• _What you need to do_: Word for word, restate every entry that follows.

• _Data to examine_:
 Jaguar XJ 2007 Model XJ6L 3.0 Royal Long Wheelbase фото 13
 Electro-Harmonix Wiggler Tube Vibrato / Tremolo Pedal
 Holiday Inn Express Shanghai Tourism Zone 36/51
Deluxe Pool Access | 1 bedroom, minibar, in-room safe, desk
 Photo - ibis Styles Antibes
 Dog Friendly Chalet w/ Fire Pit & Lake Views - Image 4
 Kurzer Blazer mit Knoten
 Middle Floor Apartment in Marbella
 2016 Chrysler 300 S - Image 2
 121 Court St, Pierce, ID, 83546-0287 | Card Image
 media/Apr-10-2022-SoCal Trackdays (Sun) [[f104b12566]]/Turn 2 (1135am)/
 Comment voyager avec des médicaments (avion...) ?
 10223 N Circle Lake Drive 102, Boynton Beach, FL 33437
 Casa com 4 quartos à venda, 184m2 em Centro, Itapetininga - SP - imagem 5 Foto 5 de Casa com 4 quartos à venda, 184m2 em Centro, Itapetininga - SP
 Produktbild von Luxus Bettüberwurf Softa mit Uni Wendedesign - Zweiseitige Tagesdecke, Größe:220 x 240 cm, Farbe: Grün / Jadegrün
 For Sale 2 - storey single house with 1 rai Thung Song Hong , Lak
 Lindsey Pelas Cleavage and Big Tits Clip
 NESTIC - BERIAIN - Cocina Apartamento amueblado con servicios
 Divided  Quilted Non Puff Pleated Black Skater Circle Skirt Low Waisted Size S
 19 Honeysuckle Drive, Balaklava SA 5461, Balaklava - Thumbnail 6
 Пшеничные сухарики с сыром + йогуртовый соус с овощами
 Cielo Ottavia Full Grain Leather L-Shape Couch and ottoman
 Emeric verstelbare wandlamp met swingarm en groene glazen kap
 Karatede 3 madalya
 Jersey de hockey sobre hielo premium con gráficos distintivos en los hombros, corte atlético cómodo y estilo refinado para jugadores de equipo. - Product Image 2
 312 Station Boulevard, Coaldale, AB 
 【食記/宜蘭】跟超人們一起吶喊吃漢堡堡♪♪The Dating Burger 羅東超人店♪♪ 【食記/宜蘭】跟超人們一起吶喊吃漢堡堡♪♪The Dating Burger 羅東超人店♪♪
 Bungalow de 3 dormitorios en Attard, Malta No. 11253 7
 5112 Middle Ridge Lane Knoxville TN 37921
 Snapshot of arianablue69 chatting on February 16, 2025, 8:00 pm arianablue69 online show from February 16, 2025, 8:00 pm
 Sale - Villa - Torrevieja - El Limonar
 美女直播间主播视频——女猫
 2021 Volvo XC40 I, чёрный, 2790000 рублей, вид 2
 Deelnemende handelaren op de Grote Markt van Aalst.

• _Written solution_:
 Jaguar XJ 2007 Model XJ6L 3.0 Royal Long Wheelbase фото 13
 Electro-Harmonix Wiggler Tube Vibrato / Tremolo Pedal
 Holiday Inn Express Shanghai Tourism Zone 36/51
Deluxe Pool Access | 1 bedroom, minibar, in-room safe, desk
 Photo - ibis Styles Antibes
 Dog Friendly Chalet w/ Fire Pit & Lake Views - Image 4
 Kurzer Blazer mit Knoten
 Middle Floor Apartment in Marbella
 2016 Chrysler 300 S - Image 2
 121 Court St, Pierce, ID, 83546-0287 | Card Image
 media/Apr-10-2022-SoCal Trackdays (Sun) [[f104b12566]]/Turn 2 (1135am)/
 Comment voyager avec des médicaments (avion...) ?
 10223 N Circle Lake Drive 102, Boynton Beach, FL 33437
 Casa com 4 quartos à venda, 184m2 em Centro, Itapetininga - SP - imagem 5 Foto 5 de Casa com 4 quartos à venda, 184m2 em Centro, Itapetininga - SP
 Produktbild von Luxus Bettüberwurf Softa mit Uni Wendedesign - Zweiseitige Tagesdecke, Größe:220 x 240 cm, Farbe: Grün / Jadegrün
 For Sale 2 - storey single house with 1 rai Thung Song Hong , Lak
 Lindsey Pelas Cleavage and Big Tits Clip
 NESTIC - BERIAIN - Cocina Apartamento amueblado con servicios
 Divided  Quilted Non Puff Pleated Black Skater Circle Skirt Low Waisted Size S
 19 Honeysuckle Drive, Balaklava SA 5461, Balaklava - Thumbnail 6
 Пшеничные сухарики с сыром + йогуртовый соус с овощами
 Cielo Ottavia Full Grain Leather L-Shape Couch and ottoman
 Emeric verstelbare wandlamp met swingarm en groene glazen kap
 Karatede 3 madalya
 Jersey de hockey sobre hielo premium con gráficos distintivos en los hombros, corte atlético cómodo y estilo refinado para jugadores de equipo. - Product Image 2
 312 Station Boulevard, Coaldale, AB 
 【食記/宜蘭】跟超人們一起吶喊吃漢堡堡♪♪The Dating Burger 羅東超人店♪♪ 【食記/宜蘭】跟超人們一起吶喊吃漢堡堡♪♪The Dating Burger 羅東超人店♪♪
 Bungalow de 3 dormitorios en Attard, Malta No. 11253 7
 5112 Middle Ridge Lane Knoxville TN 37921
 Snapshot of arianablue69 chatting on February 16, 2025, 8:00 pm arianablue69 online show from February 16, 2025, 8:00 pm
 Sale - Villa - Torrevieja - El Limonar
 美女直播间主播视频——女猫
 2021 Volvo XC40 I, чёрный, 2790000 рублей, вид 2
 Deelnemende handelaren op de Grote Markt van Aalst.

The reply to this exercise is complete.